En la evolución histórica puede verse que cualquier forma de
nacionalismo parte de una premisa falsa, ya que si una
población forma una nación, cualquier grupo social que se
apoye en la creencia de algún tipo de cultura común, cumple
con las condiciones y por tanto puede ser denominado pueblo
o nación, lo que nos llevaría al absurdo de considerar con
capacidad de autodeterminación a todo aquel que lo
reivindicara bajo una bandera propia, algo parecido al
feudalismo, en el que los grandes señores ocupaban un
territorio y lo gobernaban a su antojo, salvando las
distancias claro.
Las razones por las que el concepto se ha mantenido a lo
largo de los siglos se basan en su poderoso atractivo: la
pertenencia. Así entendido, al hombre como ser social que
es, le gusta pertenecer a un grupo, le resulta ventajoso y
ayuda a su consolidación como individuo.
Llevado al extremo estamos hablando de un concepto
ancestral, la tribu. No es difícil encontrar ejemplos, pero
quizás uno de los mas significativos sea el futbol, en el
que cada aficionado defiende a su equipo y se siente cómodo
con lo que también lo hacen, frente a los demás que son
hinchas de otros equipos, los colores, himnos y banderas
facilitan esa adopción identitaria. Otro ejemplo lo conforma
cualquier nación en la que se produce un ataque exterior, la
reacción es inmediata, se olvidan los problemas y se da
valor únicamente a la pertenencia a la nación objeto de
ataque.
Visto desde una óptica objetiva, caben numerosas críticas a
esos postulados, ya que no resulta fácil explicar y entender
que tenga necesariamente que haber vínculos inquebrantables
entre los diferentes grupos que conforman una nación, así
como tampoco resulta sencillo explicar qué es una identidad
nacional, a no ser que se creen artificialmente, como
realmente ocurre en muchos casos.
Si lo observamos desde una perspectiva étnica, el concepto
tampoco sale muy bien parado, puesto que prima elementos de
carácter racial o social que poco tienen que ver con la
realidad multicultural que nos rodea.
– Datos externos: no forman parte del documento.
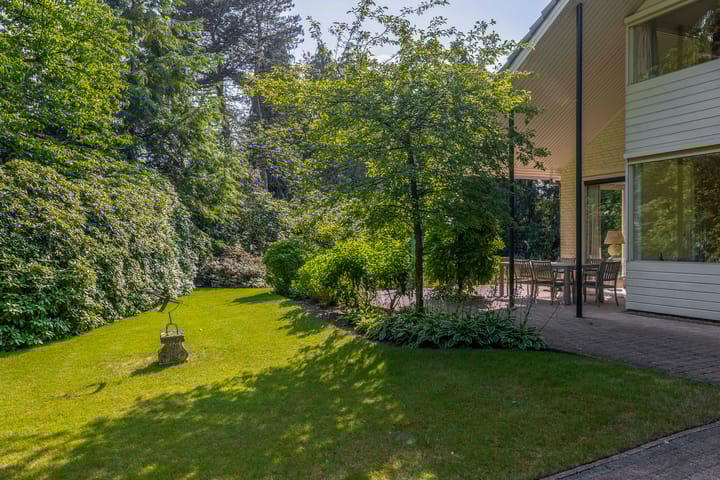 Foto 42 van van Oldenbarneveltlaan 14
Y si tomamos ejemplos
recientes como la guerra de los Balcanes, resulta
inaceptable que pueda llegarse a extremos tales como la
limpieza étnica para garantizar la existencia de territorios
limpios de elementos ajenos a la cultura propia, resulta
aberrante.
La diversidad cultural y étnica, la mezcla de diferentes
razas, credos y pueblos, forma parte de un mundo cambiante
como el actual y la propuesta de modelos identitarios queda
cada día más lejos de la realidad.
CEstos movimientos pendulares llevan de un extremo a otro,
arrastrando consigo a personas que aceptan sin cuestionar
todo aquello que emana de los órganos de poder nacionalista,
sabiendo además que poner en duda cuestiones que afectan a
la identidad nacionalista, les convierte poco menos que en
traidores a la patria.
El análisis es de tristes consecuencias, ya que hagamos lo
que hagamos desde fuera siempre chocaremos con ese afán en
el que las personas son solo banderas de fe inquebrantable.